- [What to produce]:
Would you please restate the data exactly as it stands, apart from the pictures?

- [Dataset excerpt]:
::::
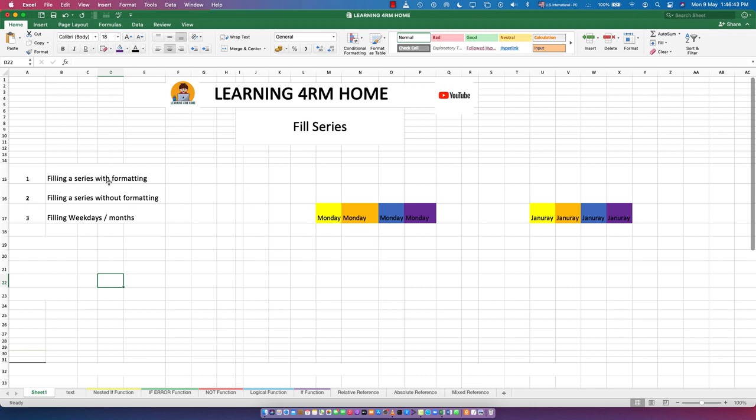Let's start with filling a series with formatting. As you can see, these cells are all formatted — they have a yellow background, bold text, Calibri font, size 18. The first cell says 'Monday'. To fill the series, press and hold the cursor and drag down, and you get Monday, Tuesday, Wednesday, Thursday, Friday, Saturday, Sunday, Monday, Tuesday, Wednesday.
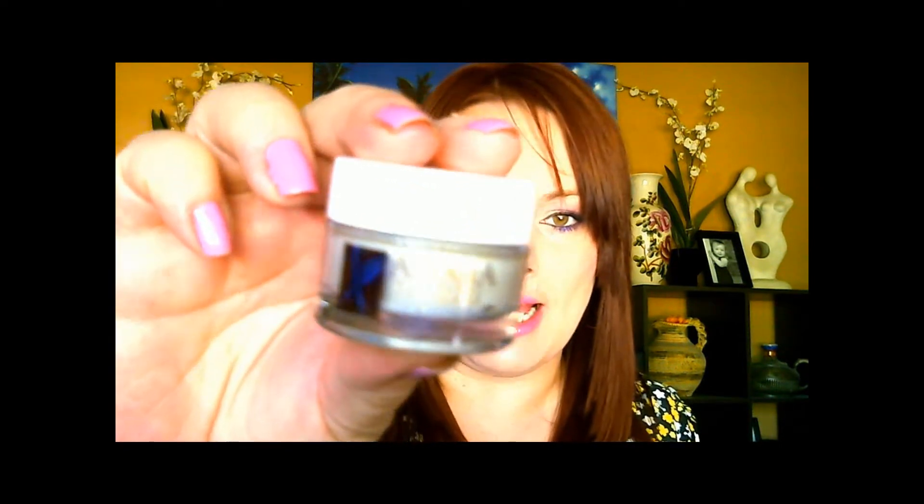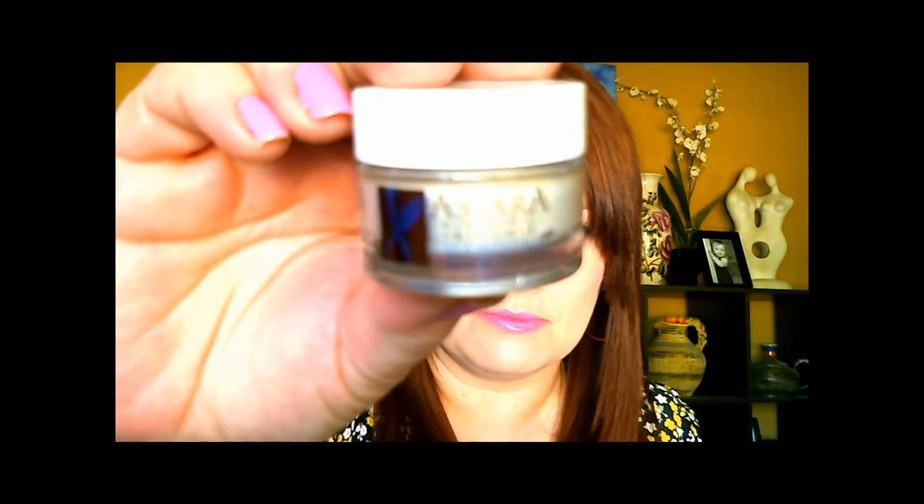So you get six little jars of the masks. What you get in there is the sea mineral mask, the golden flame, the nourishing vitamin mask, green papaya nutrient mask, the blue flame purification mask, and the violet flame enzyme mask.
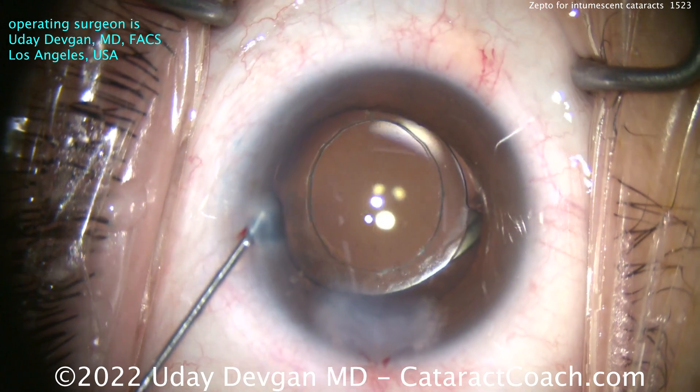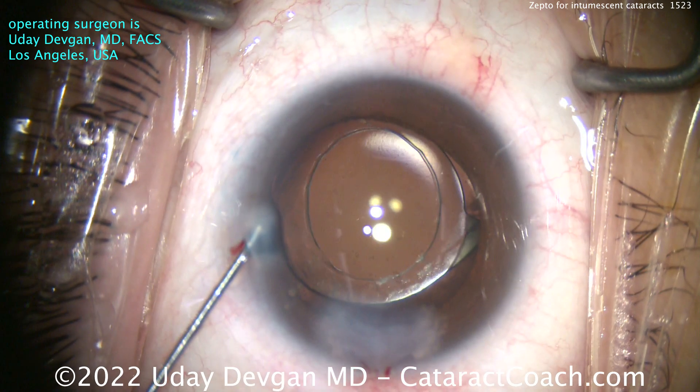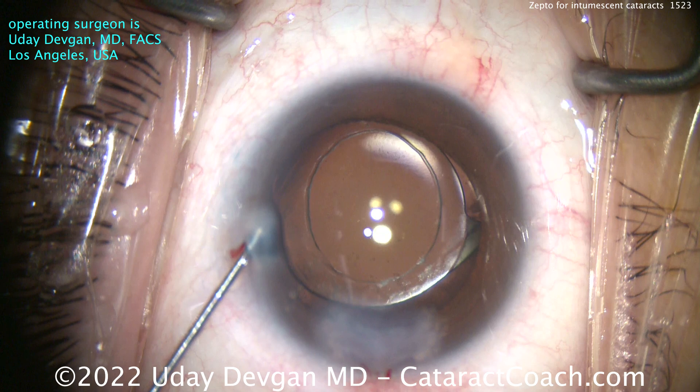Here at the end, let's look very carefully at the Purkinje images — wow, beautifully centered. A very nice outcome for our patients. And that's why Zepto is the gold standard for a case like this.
::::
- [Solution]:
Let's start with filling a series with formatting. As you can see, these cells are all formatted — they have a yellow background, bold text, Calibri font, size 18. The first cell says 'Monday'. To fill the series, press and hold the cursor and drag down, and you get Monday, Tuesday, Wednesday, Thursday, Friday, Saturday, Sunday, Monday, Tuesday, Wednesday.
So you get six little jars of the masks. What you get in there is the sea mineral mask, the golden flame, the nourishing vitamin mask, green papaya nutrient mask, the blue flame purification mask, and the violet flame enzyme mask.
Here at the end, let's look very carefully at the Purkinje images — wow, beautifully centered. A very nice outcome for our patients. And that's why Zepto is the gold standard for a case like this.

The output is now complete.